Main image of article Web Game Development: The Venture Begins
I'm setting up a Web game. Actually I'm going to be setting up two of them, one I can talk about and discuss the design here, and one that I can't until it's ready for beta testing. In this series of articles, I'm going to be looking at all aspects of setting up and running a web game. The series will look something like this:
  1. Game Design
  2. Game Implementation
  3. Setting up a game server
  4. Implementing the Browser client
  5. Implementing the back end
  6. Admin and Security
  7. Monetizing the Game
  8. Anything I've forgotten
I've just started renting a Virtual Private Server (VPS) and in the first 24 hours discovered a few gotchas; the joys of self administering! I'll come back to those in a future article in the series. Here is the game design prior to starting development. Expect it to change but not by a lot.

Game Design

The game has the domain name http://webgame.im (It's not live yet— still being developed!) and is a 6-50 player strategy game of conquest. Starting on a large continent (possibly two or more smaller continents), each player begins with a variety of little empires with towns and cities. Your job is to conquer the world by capturing territory and defeating other players. It sounds a little like Risk but it's not, for instance it uses simultaneous play not sequential turns like player 1 moves, then player 2, etc. This is a semi real-time game with a turn lasting a pre-specified period of time — typically two hours. You can login anytime before the turn is processed and add new armies and give orders to move them. Then every two hours, all orders are processed, armies move, fight, and new armies become available. You can see the results of combat and the size of your empire and start giving orders for the next turn. The game is played in your browser. While it would be possible to process turns in real-time (or at least once a minute), not everybody could manage to play at that speed. However it is configurable so when the game is created, the number of players, map size and game turn time are entered and fast games are possible.

The Game

The draggable scrolling map is made up of a large number of hexagons. These are sea, open land, mountain (impassable) or open land with a town or city. Possession of town and city hexes are important and provide you with extra armies each game turn.  Possession will be shown by color, shading, small digits or a border round the block. The image shows one possible layout created with the paid version of the excellent shareware tool, Hexographer. Here every occupied hex has a border and a number showing the owning player's number. The large number in some owned hexes is the army size. Making this scroll smoothly will be interesting but I believe it's possible, using the HTML5 <canvas> tag. There are a few libraries and frameworks I have to investigate.

Game Play

After logging in to the site and joining a new game, you'll see the game map and a mini map that lets you move quickly round the main game map. You'll see a number of armies available as reinforcements and you can add these to any hexagon you own by clicking the add button and then clicking on the location. Once the total reaches 50 in a hex you can't add any more. You can give two types of move orders.
  1. Order all or some of your armies to move to any other hex you own in the same contiguous block. Reinforce or split them.
  2. Move them to any non-mountain land hex that you don't own next to any hex that you own in that block.
Any hex that has had an order is grayed over.
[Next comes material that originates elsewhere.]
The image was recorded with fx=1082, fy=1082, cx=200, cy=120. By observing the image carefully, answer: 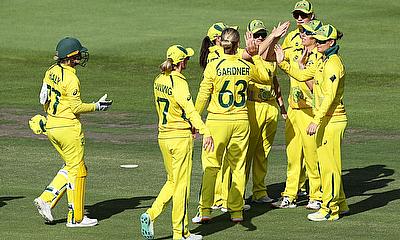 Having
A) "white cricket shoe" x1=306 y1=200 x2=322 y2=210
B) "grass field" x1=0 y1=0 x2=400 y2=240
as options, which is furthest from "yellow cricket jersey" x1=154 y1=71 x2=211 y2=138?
"white cricket shoe" x1=306 y1=200 x2=322 y2=210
A unit can move to the nearest (non-mountain) land hex across the sea in one turn that isn't occupied by another player's armies. Each order is added to a list of orders on the right hand side. You can click on any order in this list to see it, and tick the check box and the cancel order button to remove it. Once you click the confirm button, all orders in the list will be saved for processing and removed from the list. Orders can be saved for processing at any time up until the turn is processed.

Game Processing

All orders are processed at the same time and a list of battles to be resolved is built up then processed. If an army moves into an empty location then it captures it. If it's a town then one army is lost, if a city then three armies are lost. So moving in less than four armies into an enemy city or less than two into a town will not capture it. There are two ways combat can happen: If armies from one hex attack other player's armies in an adjacent hex; or, if armies from two adjacent hexes attack each other at the same time. In both cases a battle takes place. Each army has a 50% base chance of destroying another. If one side is twice as big as the other then the larger side has a 60% chance, and at three to one it becomes 70%. Both side's casualties are resolved at the same time and removed simultaneously. Combat continues until one side's armies are all destroyed. If the victor was attacking, then their surviving army captures the target hex.

Reinforcements

At the end of the turn, in each block of contiguous hexes, the number of hexes plus an extra 1 from each town and 3 from each city in the block are added up. From this is subtracted the total number of armies in existence in that block and if this is a positive difference, it becomes next turn's reinforcements that you can add to any armies or empty hexes in that block. But if the difference is negative it's a calamity and all forces in the block perish through lack of supply and there are no reinforcements to that block for one turn. I'll be publishing the other articles as the game develops, and these are initial design guidelines and not set in concrete. Touch wood I'll have it ready to play by the time the last article is published!